[[ Available records open ]]
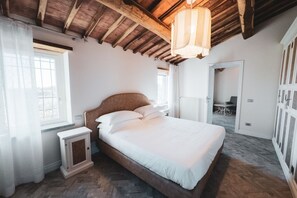 6 bedrooms, iron/ironing board, WiFi, bed sheets - Villa Dorotea - Homelike Villas (porano)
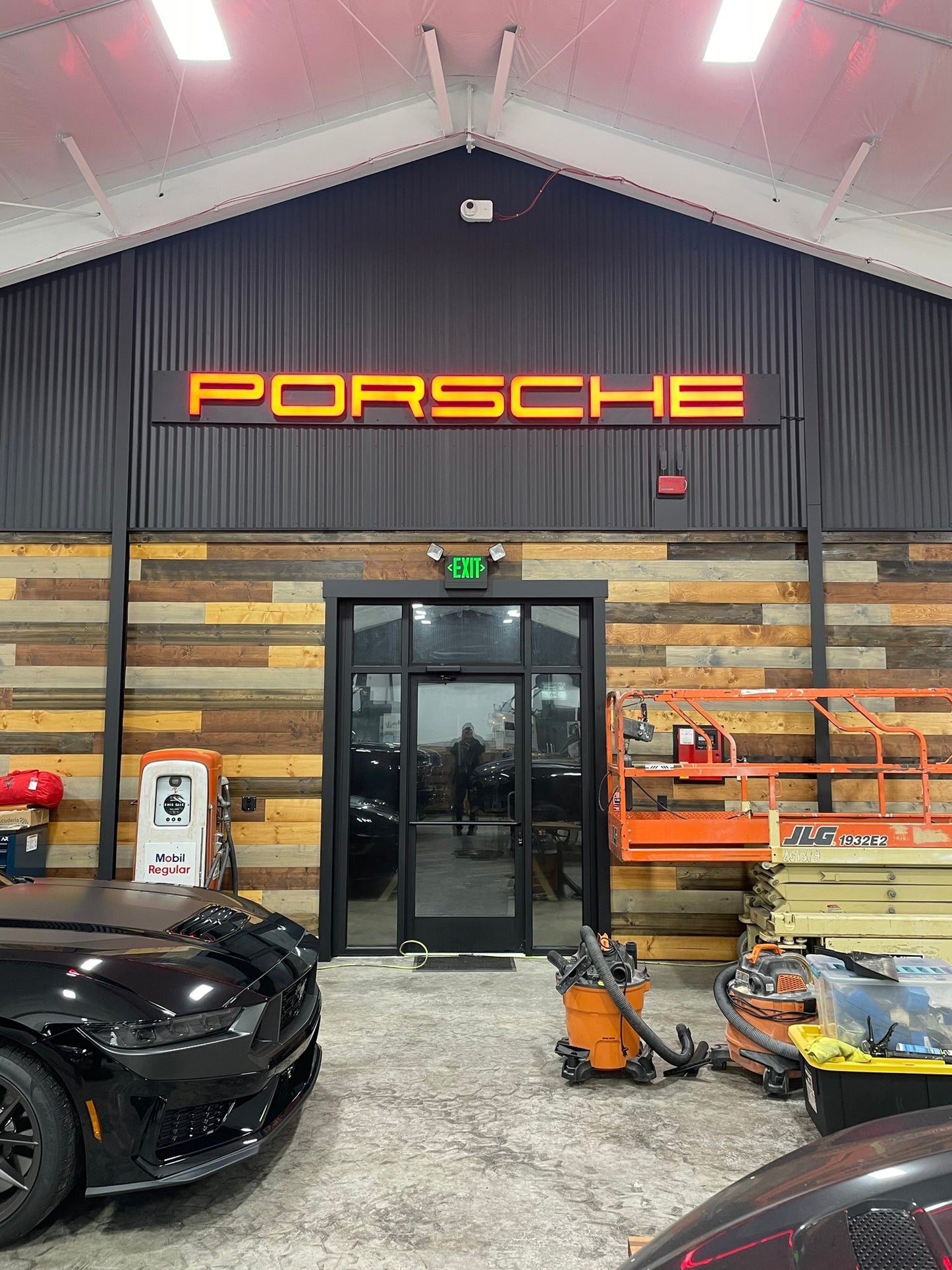 Dealership Sign, LEDs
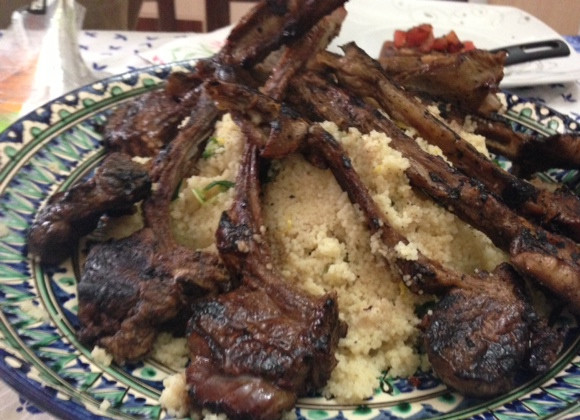 1. Этап. Бараньи ребрышки на сковороде: 4. Когда гарнир готов, (в данном случае - кус-кус), выкладываем его горкой и подаем с ребрышками. Приятного аппетита!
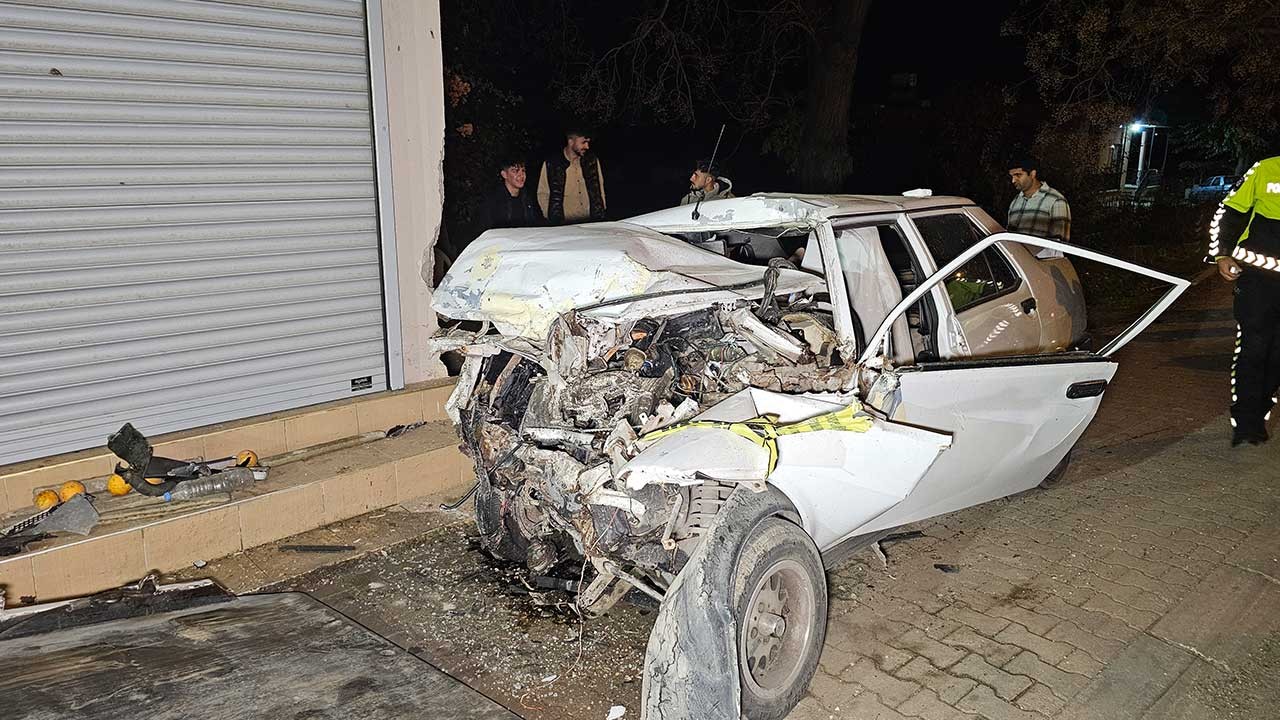 Ehliyetsiz sürücü ve arkadaşı feci kazada öldü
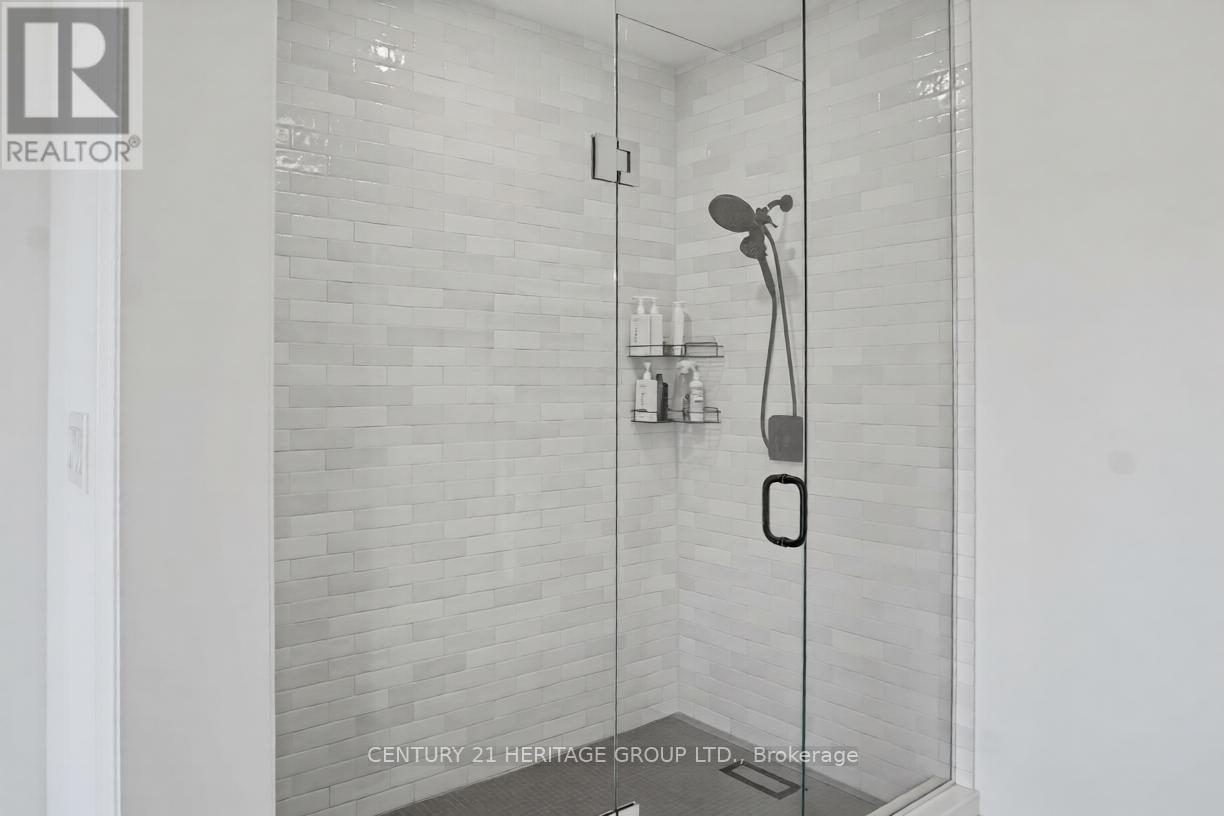 27 ORCHID CRESCENT - 35
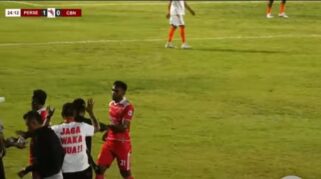 Pemain Perse Ende, Zainal merayakan golnya ke gawang CBN. Skor sementara 1-1. (Youtube,com/@Milenial Spirit)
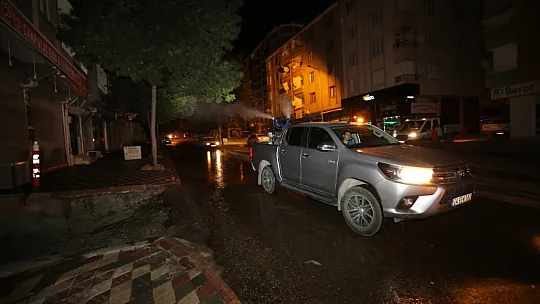 Elazığ Belediyesi, Pazartesi Pazarında Temizlik ve İlaçlama Çalışması Yaptı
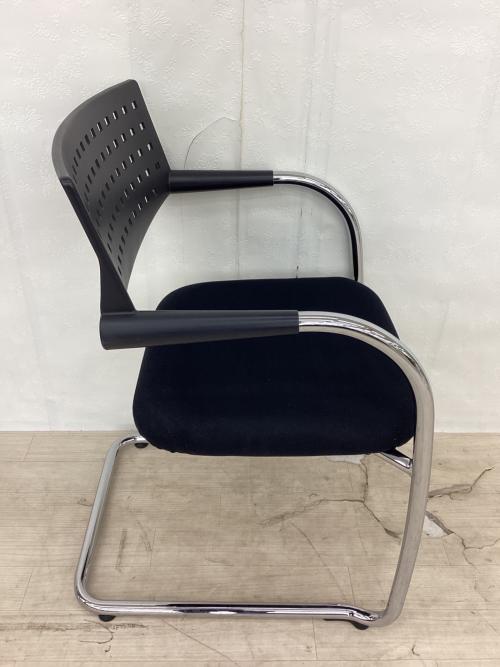 Vitra (ヴィトラ) スタッキングチェアー ブラック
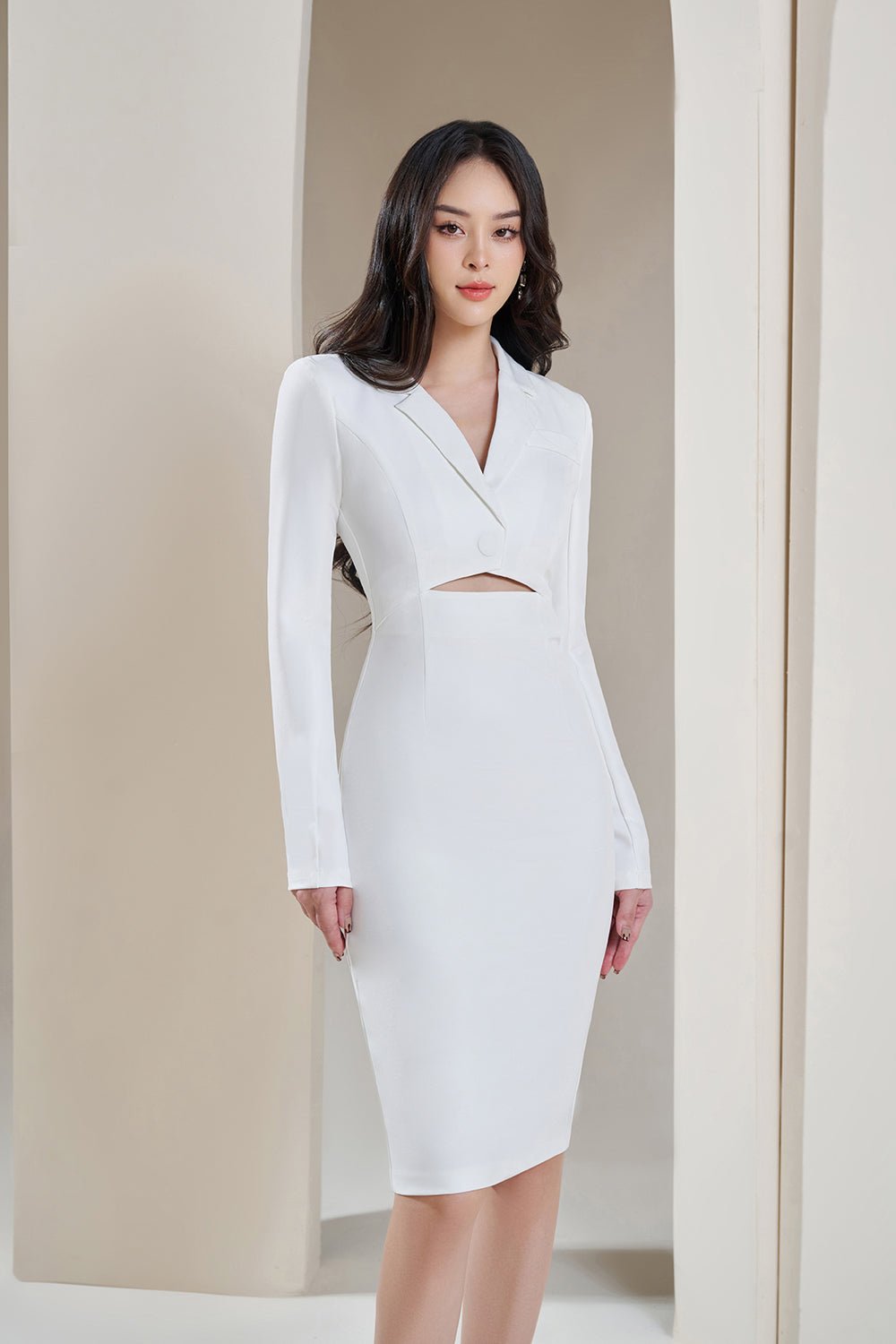 Sheri Lapel Neck Blazer Fitted Dress in Iconic White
[[ Available records closed ]]
● Task description
Send back the data above word for word, with the pictures left out.

● Result
 6 bedrooms, iron/ironing board, WiFi, bed sheets - Villa Dorotea - Homelike Villas (porano)
 Dealership Sign, LEDs
 1. Этап. Бараньи ребрышки на сковороде: 4. Когда гарнир готов, (в данном случае - кус-кус), выкладываем его горкой и подаем с ребрышками. Приятного аппетита!
 Ehliyetsiz sürücü ve arkadaşı feci kazada öldü
 27 ORCHID CRESCENT - 35
 Pemain Perse Ende, Zainal merayakan golnya ke gawang CBN. Skor sementara 1-1. (Youtube,com/@Milenial Spirit)
 Elazığ Belediyesi, Pazartesi Pazarında Temizlik ve İlaçlama Çalışması Yaptı
 Vitra (ヴィトラ) スタッキングチェアー ブラック
 Sheri Lapel Neck Blazer Fitted Dress in Iconic White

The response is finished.